You are currently browsing the daily archive for November 26, 2018.
Daily Archive
The DWR Quote of the Day – Do I have to do teshuvah?
November 26, 2018 in Ethics, History | Tags: A Brief History of Genocide, Barbara Coloroso, Genocide, The Banality of Evil, World War II | by The Arbourist | 2 comments
Barbara Coloroso has done exemplary work in writing “Extraordinary Evil – A Brief History of Genocide”. Second time around on this book, now going low and slow to really get down with the text and understand what she is saying. I wanted to share some of the passages that resonated with me.

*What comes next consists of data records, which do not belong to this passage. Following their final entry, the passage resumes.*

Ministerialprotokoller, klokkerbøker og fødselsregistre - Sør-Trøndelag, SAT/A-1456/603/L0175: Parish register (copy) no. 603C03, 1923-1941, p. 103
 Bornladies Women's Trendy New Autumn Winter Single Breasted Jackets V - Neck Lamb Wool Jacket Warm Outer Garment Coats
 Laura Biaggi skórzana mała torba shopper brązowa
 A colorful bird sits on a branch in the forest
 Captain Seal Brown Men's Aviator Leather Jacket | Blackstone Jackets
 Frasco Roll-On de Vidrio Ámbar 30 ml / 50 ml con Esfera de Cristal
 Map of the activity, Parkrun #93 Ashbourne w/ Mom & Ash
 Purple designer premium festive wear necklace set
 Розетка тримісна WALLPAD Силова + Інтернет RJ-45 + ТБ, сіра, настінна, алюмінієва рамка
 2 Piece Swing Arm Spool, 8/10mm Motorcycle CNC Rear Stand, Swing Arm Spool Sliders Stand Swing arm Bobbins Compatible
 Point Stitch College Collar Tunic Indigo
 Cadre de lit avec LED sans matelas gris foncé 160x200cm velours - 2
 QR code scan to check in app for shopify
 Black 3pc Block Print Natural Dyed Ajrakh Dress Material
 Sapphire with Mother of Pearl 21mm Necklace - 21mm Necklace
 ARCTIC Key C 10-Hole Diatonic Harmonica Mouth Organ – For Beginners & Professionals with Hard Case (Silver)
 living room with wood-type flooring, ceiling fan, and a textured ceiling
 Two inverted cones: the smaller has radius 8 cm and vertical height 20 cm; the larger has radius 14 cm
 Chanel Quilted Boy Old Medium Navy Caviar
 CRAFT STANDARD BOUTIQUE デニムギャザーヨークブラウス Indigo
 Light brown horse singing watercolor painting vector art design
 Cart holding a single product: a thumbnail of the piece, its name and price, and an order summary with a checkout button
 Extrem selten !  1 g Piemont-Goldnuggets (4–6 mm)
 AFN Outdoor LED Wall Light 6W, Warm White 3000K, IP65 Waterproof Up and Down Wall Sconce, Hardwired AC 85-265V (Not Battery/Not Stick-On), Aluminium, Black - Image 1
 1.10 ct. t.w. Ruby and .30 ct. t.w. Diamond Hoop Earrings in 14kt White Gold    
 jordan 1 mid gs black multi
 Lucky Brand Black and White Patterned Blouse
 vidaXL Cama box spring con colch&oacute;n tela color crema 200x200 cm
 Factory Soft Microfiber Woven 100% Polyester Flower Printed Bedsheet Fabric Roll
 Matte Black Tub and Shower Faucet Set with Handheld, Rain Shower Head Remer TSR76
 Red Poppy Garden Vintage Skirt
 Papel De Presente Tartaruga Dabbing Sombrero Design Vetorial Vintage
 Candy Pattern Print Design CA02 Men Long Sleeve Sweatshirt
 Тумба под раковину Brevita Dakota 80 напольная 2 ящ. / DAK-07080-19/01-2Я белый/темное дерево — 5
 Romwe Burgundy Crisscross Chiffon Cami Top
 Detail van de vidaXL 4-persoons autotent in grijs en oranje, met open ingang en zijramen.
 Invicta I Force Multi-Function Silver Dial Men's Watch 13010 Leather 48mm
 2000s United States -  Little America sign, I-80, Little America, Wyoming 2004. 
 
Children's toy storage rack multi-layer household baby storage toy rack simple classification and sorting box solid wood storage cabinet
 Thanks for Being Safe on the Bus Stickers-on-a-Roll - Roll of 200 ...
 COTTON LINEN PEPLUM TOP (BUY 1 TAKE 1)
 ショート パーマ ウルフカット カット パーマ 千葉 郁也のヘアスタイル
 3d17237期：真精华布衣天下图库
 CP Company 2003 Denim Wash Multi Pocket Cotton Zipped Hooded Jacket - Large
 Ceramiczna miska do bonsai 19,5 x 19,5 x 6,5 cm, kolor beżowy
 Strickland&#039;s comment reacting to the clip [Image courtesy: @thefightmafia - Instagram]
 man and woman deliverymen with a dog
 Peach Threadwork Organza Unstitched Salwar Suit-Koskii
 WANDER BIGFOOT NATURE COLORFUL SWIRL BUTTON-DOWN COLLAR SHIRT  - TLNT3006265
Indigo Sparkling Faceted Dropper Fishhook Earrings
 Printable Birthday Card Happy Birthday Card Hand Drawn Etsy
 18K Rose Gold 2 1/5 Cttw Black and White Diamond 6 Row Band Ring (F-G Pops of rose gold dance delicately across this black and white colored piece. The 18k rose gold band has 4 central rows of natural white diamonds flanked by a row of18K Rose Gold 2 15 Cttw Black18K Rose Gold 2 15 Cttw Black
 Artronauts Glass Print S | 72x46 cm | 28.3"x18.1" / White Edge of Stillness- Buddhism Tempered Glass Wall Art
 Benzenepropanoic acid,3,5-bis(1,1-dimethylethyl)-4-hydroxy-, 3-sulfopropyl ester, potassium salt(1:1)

A Jewish officer in the US Army during World War II, Lieutenant Meyer Birnbaum wrote about a young Jewish boy he found near death in Ohrdruff, a concentration camp annexed to Buchenwald. The young boy requested bread and then broke down sobbing as he spoke of his murdered family:
After about fifteen minuets of bitter sobbing, the sixteen-year-old boy suddenly looked at me and asked whether I could teach him how to do teshuvah [repent]. I was taken aback by his question and tried to comfort him. “After the stretch in hell you’ve been through, you don’t need worry about doing teshuvah. Your slate is clean. Your slate is clean. You’re alive, and you have to get a hold of yourself and stop worrying about doing teshuvah,” I told him. But my words had no effect. I could not convince him. He kept insisting: “Ich vill tuhn teshuvah – I want to do teshuvah. Ich muz tuhn teshuva – I must do teshuvah.”
Finally, I asked him, “Why must you do teshuvah?” in the hope that talking would enable him to let go of some of the pain I saw in his eyes. He pointed out the window and asked if I saw the gallows. Satisfied that I did, he began his story:
“Two months ago one of the prisoners escaped…the camp commandant was furious about the escape and demanded to know the identify of the escaped prisoner. No one could provide him with the information he was seeking… In his fury, the commandant decided to play a sadistic game with us. He demanded that any pairs of brothers, or fathers and sons, step forward. We were terrified of what he might do if we did not comply. My father and I step forward.
They placed my father on a stool under those gallows and tied a noose around my father’s neck, the commandant cocked his Luger, placed it at my temple, and hissed, “If you or your father doesn’t tell me who escaped, you are going to kick that stool out from under your father.” I looked at my father and told him, “Zorgst sich nit – Don’t worry, Tatte, I won’t do it.” But my father answered me, “My son, you have to do it. He’s got a gun to your head and he’s going to kill you if you don’t, and then he will kick the chair out from under me and we’ll both be gone. This way at least there’s a chance you’ll survive. But if you don’t, we’ll both be killed.”
“Tatte, nein, ich vell dos nit tuhn – I will not do it. Ich hab nit fargessen kibbud av – I didn’t forget kibbud av [honouring one’s father].”
Instead of being comforted by words, my father suddenly screamed at me: “You talk about kibbud av, I’m ordering you to kick that stool. That is your father’s command.”
“Nein, Tatte, nein – No, father, I won’t.
But my father only got angrier, know that if I didn’t obey he would see his son murdered in front of him. “You talk about kibbud av v’eim [honouring one’s father and mother],” he shouted. “This is your father’s last order to you. Listen to me! Kick the chair!”
I was so frightened and confused hearing my father screaming at me that I kicked the chair and watched as my father’s neck snapped in the noose.
His story over, the boy looked at me… as my own tears flowed freely, and asked, “Now, you tell me. Do I have to do teshuvah?”
Barbara Coloroso. Extraordinary Evil – A Brief History of Genocide. pp. 93 – 95.